(To do):
For the records below, output word for word the lines from the one with "Used 2022 White Jeep 4xe image 5" up to and including the one with "2755 Cussell Dr, Saint James City, FL 33956". No pictures.

(Records shown):
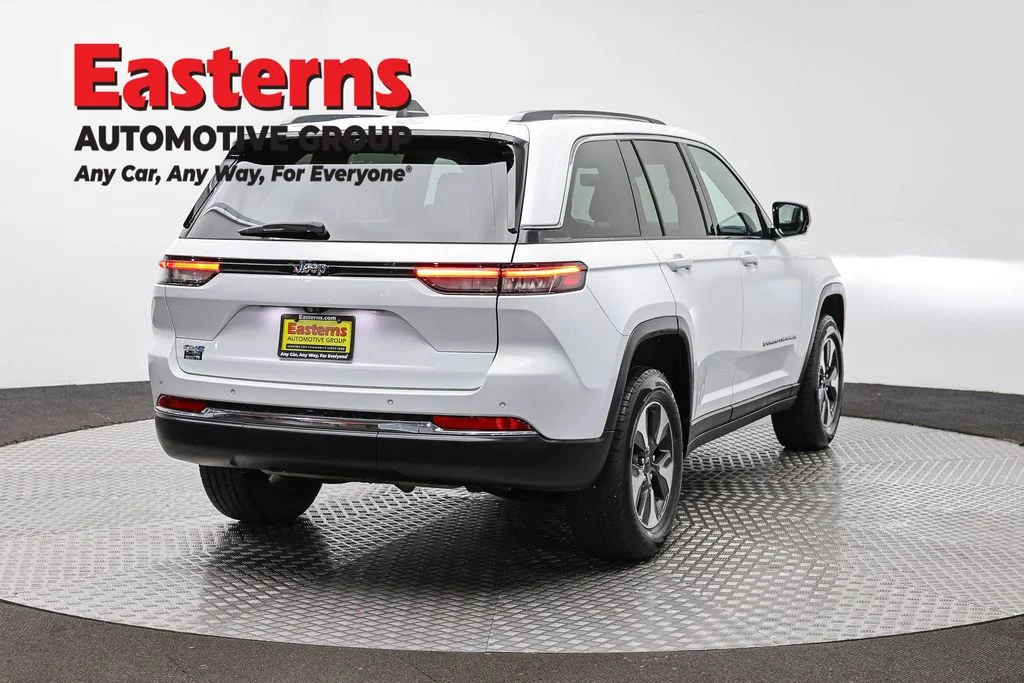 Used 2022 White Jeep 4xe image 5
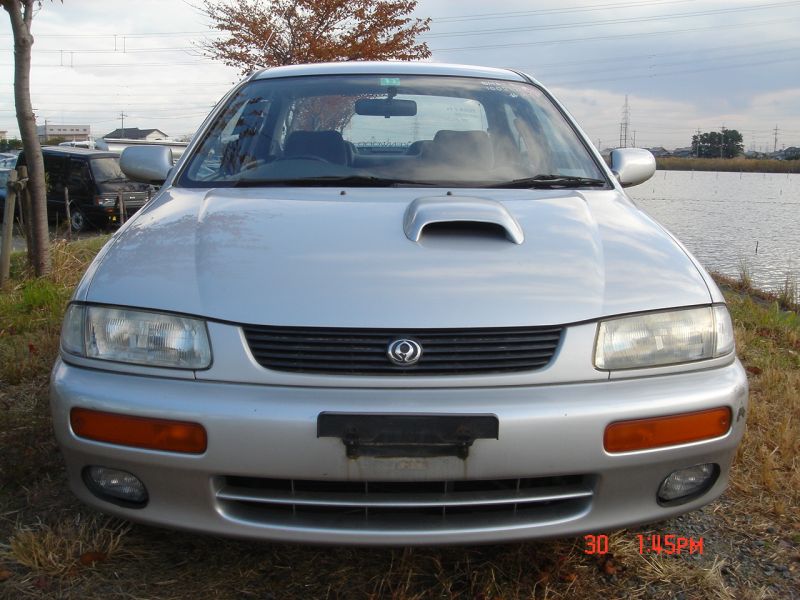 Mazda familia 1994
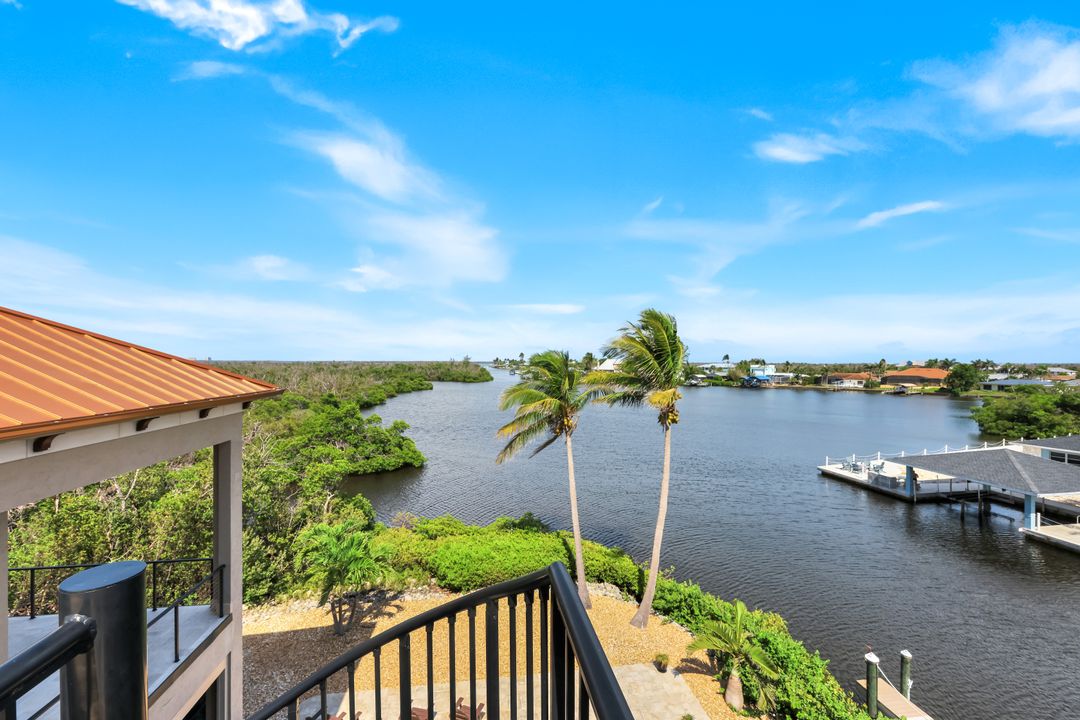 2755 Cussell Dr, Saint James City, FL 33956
* * *
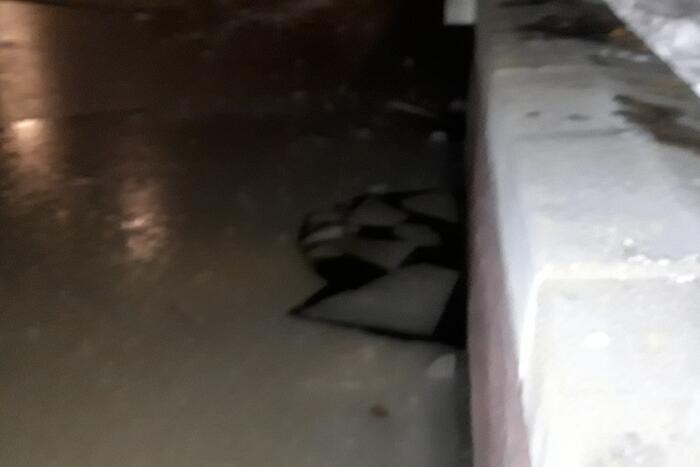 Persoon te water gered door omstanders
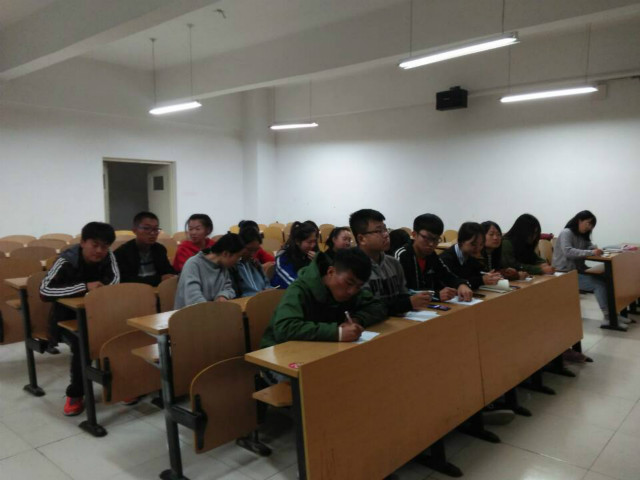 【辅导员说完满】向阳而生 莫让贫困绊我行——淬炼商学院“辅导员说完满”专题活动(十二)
--
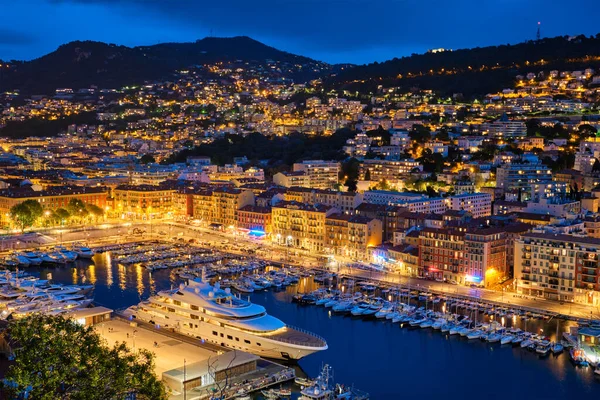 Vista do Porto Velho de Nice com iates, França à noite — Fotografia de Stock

(Output):
 Used 2022 White Jeep 4xe image 5
 Mazda familia 1994
 2755 Cussell Dr, Saint James City, FL 33956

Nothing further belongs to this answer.